==== SOURCE DATA ====

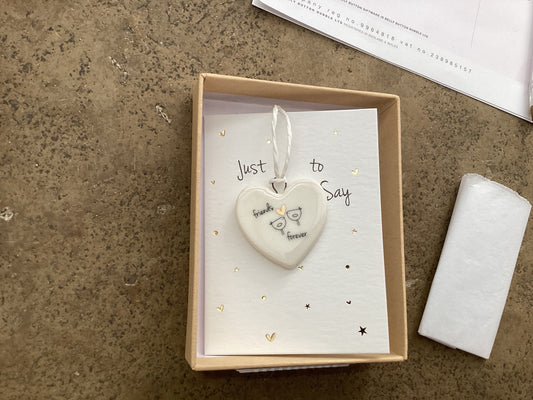 Belly Button Ceramic Decoration Friends Forever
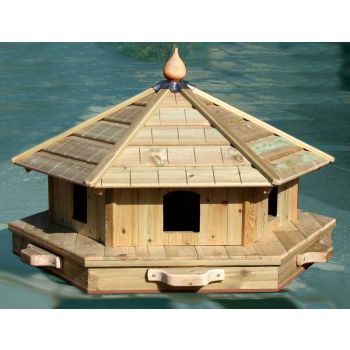 Somerton Floating Duck Six Nest - Pressure Treated Red Pine - L140 x W140 x H75 cm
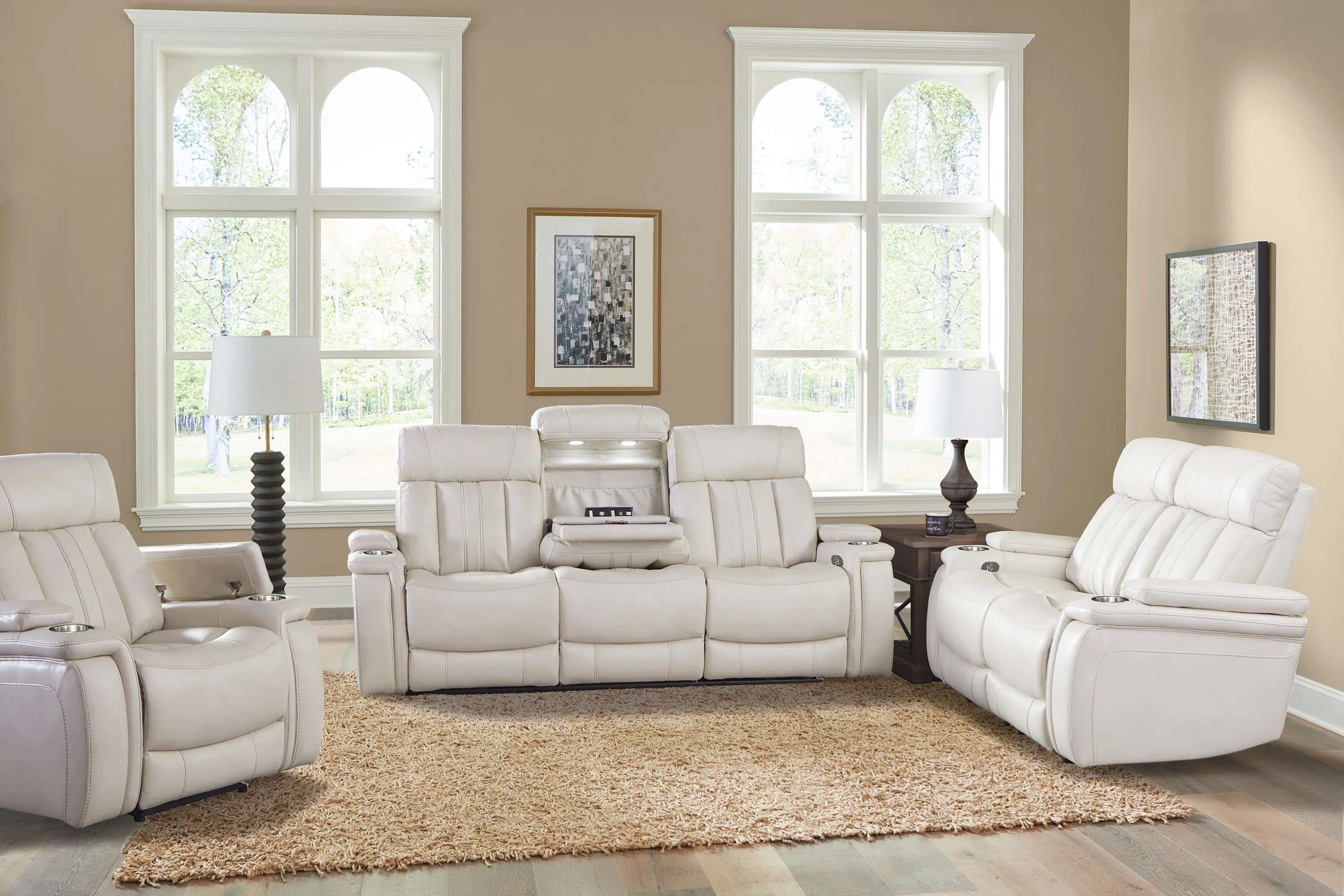 Parker Living Royce - Fantom Ivory Power Recliner - Image 4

====

- _YOUR INSTRUCTIONS_
Keep the pictures out, and write out the rest of the data above word for word.

- _RESPONSE TO THE EXERCISE_
 Belly Button Ceramic Decoration Friends Forever
 Somerton Floating Duck Six Nest - Pressure Treated Red Pine - L140 x W140 x H75 cm
 Parker Living Royce - Fantom Ivory Power Recliner - Image 4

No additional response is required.